I was totally surprised to see that Derbytron’s algorithm had actually dropped Minnesota down one point below Detroit in his post Mayhem rankings even though Detroit came in fourth and Minnesota paced second in the tournament.
Math is hard.
I’ll give Derbytron a break. Let’s just take a look at my second favorite roller stats site FlatTrackStats.com. Except FTS is currently ranking Minnesota over Windy City Rollers despite the thrilling but statistically expected Minnesota loss to them.
So who’s right?
Let’s look at who did the best in predicting the outcome of the Monumental Mayhem. We’re going to consider both Derbytron’s and Flat Track Stat’s algorithms as well as WFTDA’s member voted system and whatever DNN uses to make their power rankings.
We find the difference for each team’s final tournament rank from their predicted rank and then find the sum of those. If one method predicted team X to come in 4th place but team X actually ended up in 8th the difference would be 4. We do that for all the teams in the tournament and add up the differences. A method with a lower score does better and a score of 0 means that method predicted perfectly.
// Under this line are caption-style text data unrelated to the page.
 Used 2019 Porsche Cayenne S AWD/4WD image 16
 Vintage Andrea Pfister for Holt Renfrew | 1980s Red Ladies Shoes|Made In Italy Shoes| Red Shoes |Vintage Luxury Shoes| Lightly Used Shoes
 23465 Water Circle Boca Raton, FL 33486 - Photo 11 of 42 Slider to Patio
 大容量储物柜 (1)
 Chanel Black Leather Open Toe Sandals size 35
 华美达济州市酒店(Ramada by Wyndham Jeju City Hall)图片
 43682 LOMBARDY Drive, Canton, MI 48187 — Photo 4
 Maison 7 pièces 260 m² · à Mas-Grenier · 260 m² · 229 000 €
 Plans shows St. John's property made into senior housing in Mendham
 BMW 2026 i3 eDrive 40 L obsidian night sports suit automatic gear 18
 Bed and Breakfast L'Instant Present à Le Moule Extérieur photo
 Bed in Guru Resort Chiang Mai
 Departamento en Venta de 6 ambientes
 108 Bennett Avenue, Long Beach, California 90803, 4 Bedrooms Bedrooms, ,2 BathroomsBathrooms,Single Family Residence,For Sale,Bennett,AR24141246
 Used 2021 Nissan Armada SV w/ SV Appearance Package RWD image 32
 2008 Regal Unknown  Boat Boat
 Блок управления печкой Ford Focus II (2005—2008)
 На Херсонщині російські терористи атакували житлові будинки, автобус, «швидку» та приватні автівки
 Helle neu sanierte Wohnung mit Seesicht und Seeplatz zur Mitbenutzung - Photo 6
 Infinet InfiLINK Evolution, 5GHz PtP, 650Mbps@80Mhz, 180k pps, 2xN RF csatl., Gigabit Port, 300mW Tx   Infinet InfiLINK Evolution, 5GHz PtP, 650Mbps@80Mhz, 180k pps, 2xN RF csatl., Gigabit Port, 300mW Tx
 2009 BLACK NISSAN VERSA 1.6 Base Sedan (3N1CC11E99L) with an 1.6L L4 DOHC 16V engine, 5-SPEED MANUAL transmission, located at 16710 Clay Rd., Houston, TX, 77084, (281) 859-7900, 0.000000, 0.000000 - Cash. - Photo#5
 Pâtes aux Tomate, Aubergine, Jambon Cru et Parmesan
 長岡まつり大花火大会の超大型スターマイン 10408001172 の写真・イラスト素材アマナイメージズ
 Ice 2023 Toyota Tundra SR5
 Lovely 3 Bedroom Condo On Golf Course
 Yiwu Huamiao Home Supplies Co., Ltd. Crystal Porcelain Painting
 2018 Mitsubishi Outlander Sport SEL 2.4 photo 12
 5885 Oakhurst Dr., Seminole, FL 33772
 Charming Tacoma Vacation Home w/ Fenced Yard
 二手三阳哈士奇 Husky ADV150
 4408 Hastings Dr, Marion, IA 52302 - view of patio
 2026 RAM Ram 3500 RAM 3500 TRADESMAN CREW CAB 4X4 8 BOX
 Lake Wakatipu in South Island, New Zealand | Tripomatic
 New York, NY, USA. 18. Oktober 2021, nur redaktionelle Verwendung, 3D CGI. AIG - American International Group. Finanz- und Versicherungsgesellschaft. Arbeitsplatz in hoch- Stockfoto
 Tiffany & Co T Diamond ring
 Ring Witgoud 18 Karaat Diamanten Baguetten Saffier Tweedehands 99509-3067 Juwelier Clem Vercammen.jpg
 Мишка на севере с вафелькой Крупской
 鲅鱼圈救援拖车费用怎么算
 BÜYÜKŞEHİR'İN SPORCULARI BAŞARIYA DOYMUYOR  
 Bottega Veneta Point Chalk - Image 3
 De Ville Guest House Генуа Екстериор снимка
This is how they ranked.
- Derbytron 
- FTS 
- DNN [8-12*]
- WFTDA 
DNN gets a variable score because their Power Rankings don’t go low enough to rank 3 of the teams in the NC tournament. Best case scenario they would get a score of 8 and worst case a score of 12.
Ok, So Derbytron did the best of the four at predicting the tournament but the question becomes can we do better? When meteorologists forecast the weather they use different models and the most accurate of these models is usually the average of all the competing models and not a single model. What if we take the same approach with derby rankings?
If we remove DNN from the math and leave WFTDA in as our human element we end up with a score of 11 which isn’t great. I removed DNN because their rankings lacked the 8th, 9th, and 10th place teams. I plan on running these numbers again with Championals since I’ll be able to leave DNN in and remove WFTDA rankings.
What if we look only at the nerds? If we combine Derbytron and FTS we end up with a score of 3 which is incredible! We can refer to this average of the two methods as ‘Derby-Track-Stats’ or DTS.
The main conclusion we can draw from this is that WFTDA needs to ditch the voted ranking system. Voting was the best solution in the very early days of modern roller derby but with more bouts and consistent reffing it becomes obvious that some teams were not invited to the region tournaments who should have been.
I’ll be using the DTS system to complete my Championals brackets in a couple of weeks and I’m excited to win the Bracket Bonanza.